Two different values of \(b\) implies it is not intersecting L.

From the equation of the line, (6, 0, 0) is a point on this line which clearly satisfies the equation of \(P_{1}\). 

\((10(6) + 15(0) + 12(0) - 60 = 0 \implies 0 = 0)\)

For any b = 1(say), 

\(\implies x = -5(1)+ 6; y = 2(1); z = 3(1) \implies (1, 2, 3)\) be some other point on the line.

\(10(1) + 15(2) + 12(3) - 60 = 0 \implies 16 = 0\) which is not true.

\(\implies\) the line intersects the plane \(P_{1}\) at one point \((6, 0, 0)\).

From the equation of \(P_{2}\),

\(-2(-5b + 6) + 5(2b) + 4(3b) - 20 = 0\)

\(\implies 32b = 32\)

\(\implies b = 1\)

\(\implies\) the line intersects the plane \(P_{2}\) at the point \((1, 2, 3)\). 

Therefore this also could be the edge \(l_{5}\) of the tetrahedron. 

C) \(\frac{x}{-2} = \frac{y - 4}{5} = \frac{z}{4}\)

Let \(\frac{x}{-2} = \frac{y - 4}{5} = \frac{z}{4} = b\)

\(\implies x = -2b; y = 5b + 4; z = 4b\)

From the equation, \((0, 4, 0)\) is a point on the line, and from equation of L, we see that this point is also on L.
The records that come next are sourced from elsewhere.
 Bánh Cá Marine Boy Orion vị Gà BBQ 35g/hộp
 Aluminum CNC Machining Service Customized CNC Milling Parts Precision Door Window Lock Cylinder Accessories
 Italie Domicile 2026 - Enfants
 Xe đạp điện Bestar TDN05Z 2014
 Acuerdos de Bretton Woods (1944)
So this line intersects L at this point. This point will also satisfy equations of both the planes. 

For any b = 1(say), 

\(\implies x = -2(1); y = 5(1) + 4; z = 4(1) \implies (-2, 9, 4)\) be some other point on the line.

\(10(-2) + 15(9) + 12(4) - 60 = 0 \implies 103 = 0\) which is not true.
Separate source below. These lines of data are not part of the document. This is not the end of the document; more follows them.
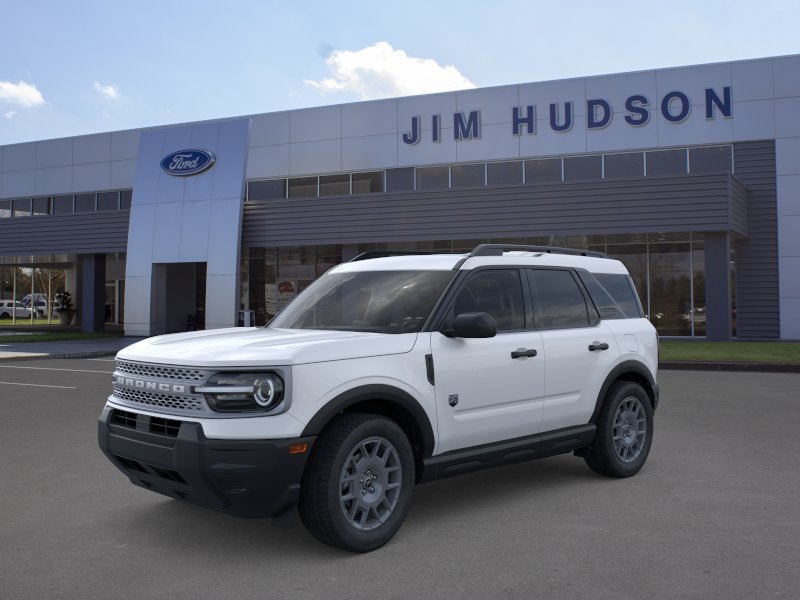 New 2026 Ford Bronco Sport Big Bend AWD/4WD video 1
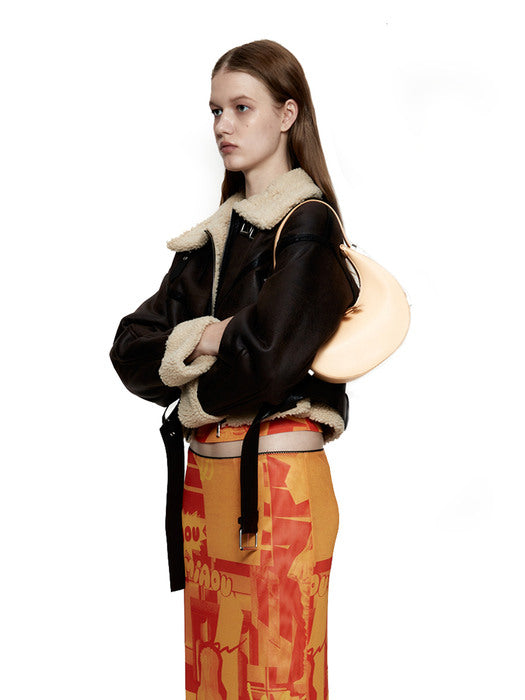 [osoi] TONI MINI [HONEY BEIGE]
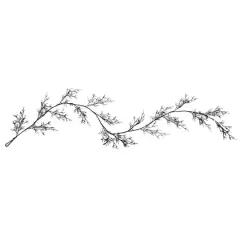 5ft. Warm White LED Lighted Branch String Lights by Ashland&reg;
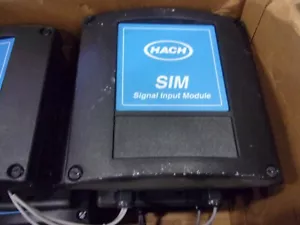 Hach Signal Input Module 51450-60 - Picture 1 of 3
\(-2(-2) + 5(9) + 4(4) - 20 = 0 \implies 45 = 0\) which is not true.

So the given line does not fully lie in either of the planes.

Hence this line cannot be an edge of the tetrahedron.

D) \(\frac{x}{1} = \frac{y - 4}{-2} = \frac{z}{3}\)

Let \(\frac{x}{1} = \frac{y - 4}{-2} = \frac{z}{3} = b\)

\(\implies x = b; y = -2b + 4; z = 3b\)

From the equation, \((0, 4, 0)\) is a point on the line, and from equation of L, we see that this point is also on L.

So this line intersects L at \((0, 4, 0)\). This point will also satisfy equations of both the planes. 

For any b = 1(say), 

\(\implies x = 1; y = -2(1) + 4; z = 3(1) \implies (1, 2, 3)\) be some other point on the line.

\(10(1) + 15(2) + 12(3) - 60 = 0 \implies 16 = 0\) which is not true.

\(-2(1) + 5(2) + 4(3) - 20 = 0 \implies 0 = 0\) which is true.

So the given line is in plane \(P_{2}\).

This can be an edge of the tetrahedron.

\(\implies\) Options A, B and D are TRUE.